> WHAT IS BEING ASKED:
Could you print the stretch of lines below from the one with "Bright Tailor Made" through the one with "Dining room, wood/laminate", exactly as they stand and without any pictures?
(Beginning of DATA SHOWN)
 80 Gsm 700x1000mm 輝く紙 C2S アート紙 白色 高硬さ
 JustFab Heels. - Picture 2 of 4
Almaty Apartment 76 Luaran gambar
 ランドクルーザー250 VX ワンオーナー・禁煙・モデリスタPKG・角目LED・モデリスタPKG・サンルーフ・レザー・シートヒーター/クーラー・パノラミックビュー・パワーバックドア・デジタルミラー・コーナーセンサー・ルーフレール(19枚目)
(End of DATA SHOWN)
(Beginning of DATA SHOWN)
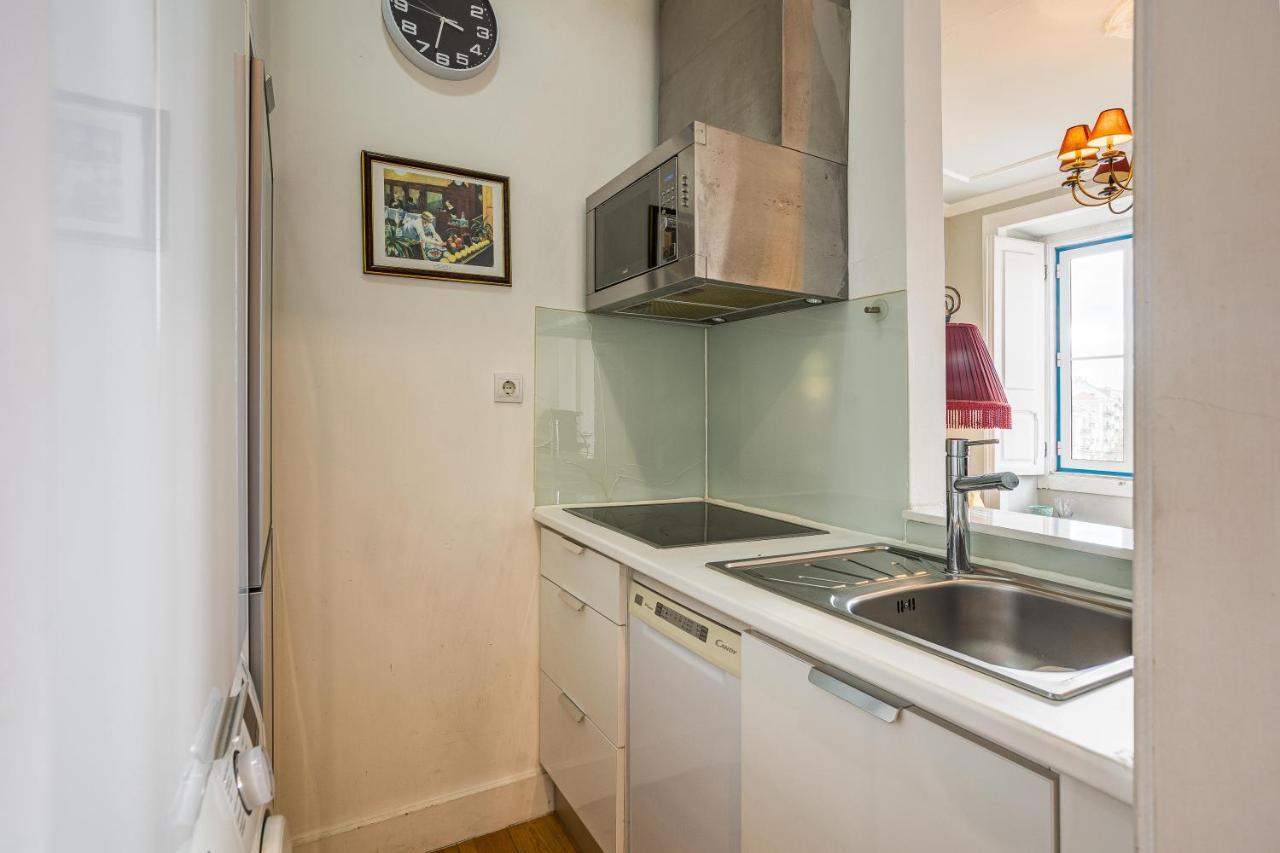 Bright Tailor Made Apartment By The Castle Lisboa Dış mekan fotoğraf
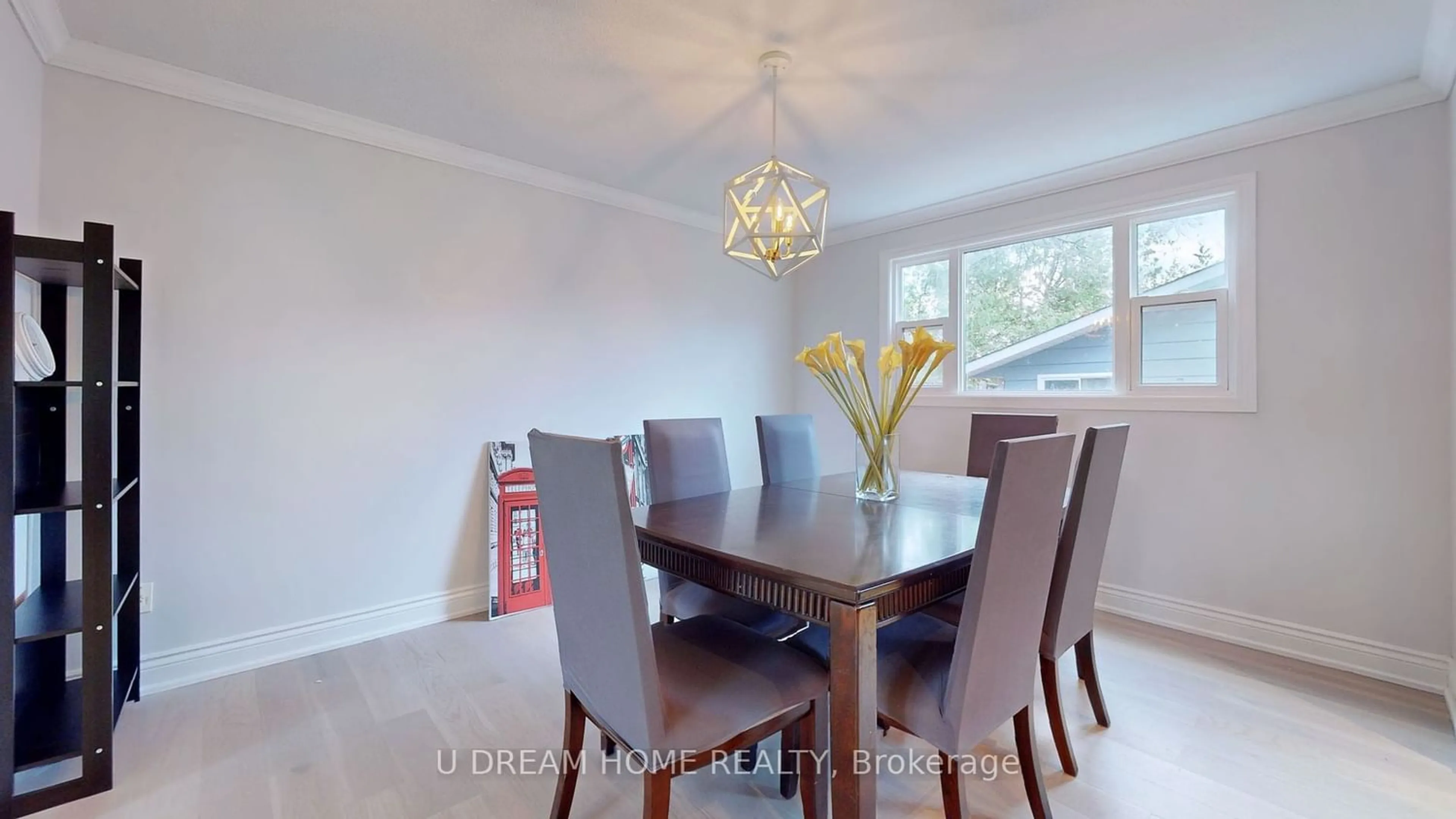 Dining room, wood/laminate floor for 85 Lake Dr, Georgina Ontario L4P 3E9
(End of DATA SHOWN)
(Beginning of DATA SHOWN)
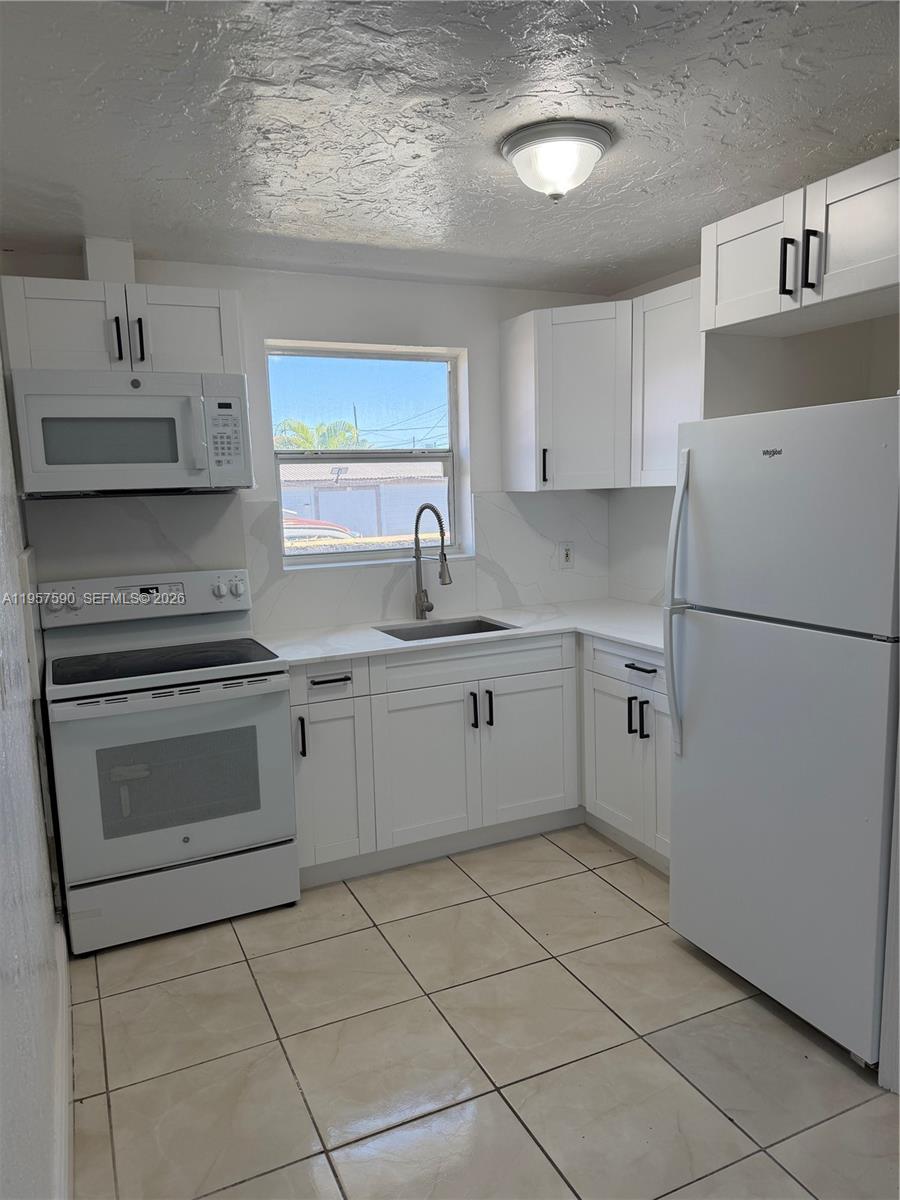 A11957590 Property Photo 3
(End of DATA SHOWN)
> ANSWER TO THE PROBLEM:
 Bright Tailor Made Apartment By The Castle Lisboa Dış mekan fotoğraf
 Dining room, wood/laminate floor for 85 Lake Dr, Georgina Ontario L4P 3E9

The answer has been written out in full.